I do not know when I first became devoted to accepting most of the challenges that were directed my way. I know that as a loquacious elementary schooler that I was once challenged for a fairly nominal sum of money, a quarter, to be silent for an entire half-hour lunch period, likely because my neighbors and classmates wondered if I would ever shut up, something many people no doubt wonder even today. Even at that time a fairly stubborn sort of person devoted to challenging myself, the challenge was accepted and achieved. At times in my life, challenges have been made explicitly, and those ones are the easiest to understand and apply. At other times, the challenges are recognized implicitly, at which point they can then be undertaken. At other times, I recognize a challenge and then must outsource its achievement to others who are in the place to do so, as was the case when I commented to a deacon in our local congregation that when the pastor says that a particular verse (in this case Romans 1:17, from the second Bible study on Romans in our recent series) needs to be given as a “difficult scriptures” sermonette, that a wise person takes heed and does so. According to this person, he is going to do so this upcoming Sabbath, although as I have Sabbath School responsibilities this week I will be unable to hear it live myself.

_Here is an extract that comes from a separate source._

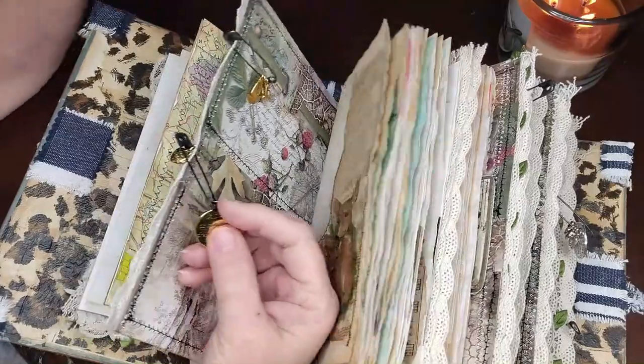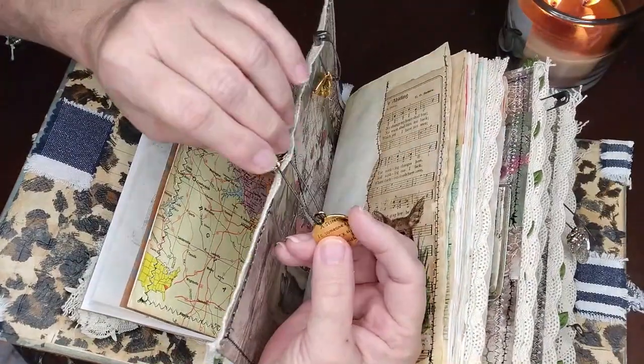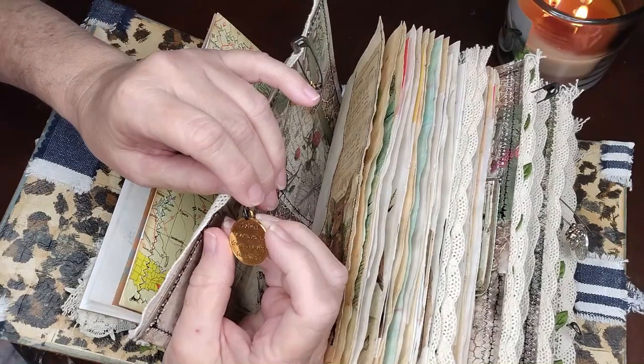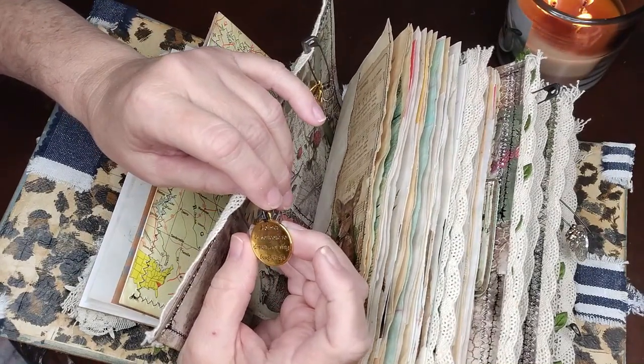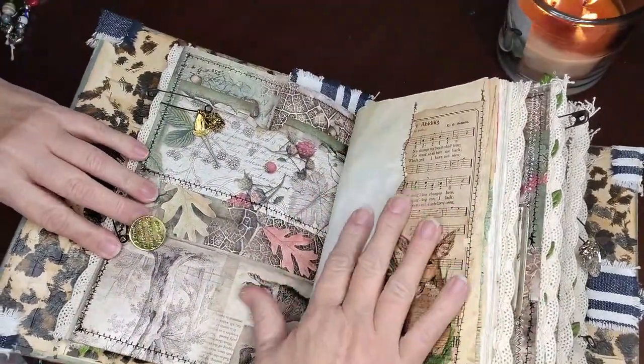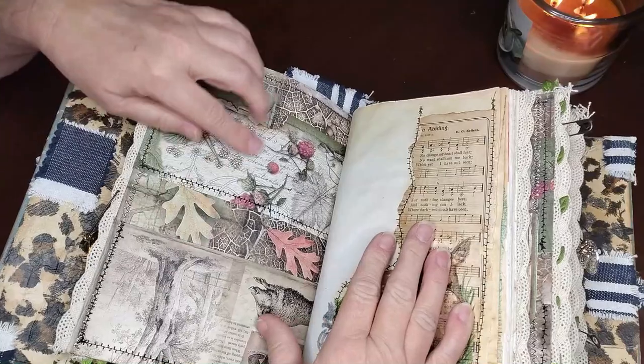This one here is specific to her from me. One little heart that says 'made with love,' and then a little charm that says 'a sister is someone to dream, cry, sing, and laugh with.' And here is the inside — I put some pockets in here.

Many of the challenges I have accepted in my life, such as the challenge to write a blog entry a month for the next year that is designed to be accessible to fellow entry-level users of SQL, as described above, are challenges that relate to writing. Although those who read my contemporary writings may assume that I was always a skilled author, many of my challenges have served as a way to expand what I was comfortable writing, and ultimately led to the ease of writing that characterizes me at this particular time. As a high school student, for example, I was told in one of my lectures in English that nobody wrote lengthy blank verse poems. That night, I wrote a hundred-line poem in blank iambic pentameter, at which point my teacher had to comment that almost nobody did it. In such a way challenge accepted led to mission accomplished. On a more recent basis, I pay attention to the challenges that are given in what I read and what I hear, as very frequently in a sermon message a minister will say that it would be a good idea for someone to study or investigate a particular matter, like the references to the Holy Days in the New Testament, or the famous last words of various people in the Bible [4], or something of that nature. I don’t need to be told twice when it comes to writing material that other people express an interest in reading.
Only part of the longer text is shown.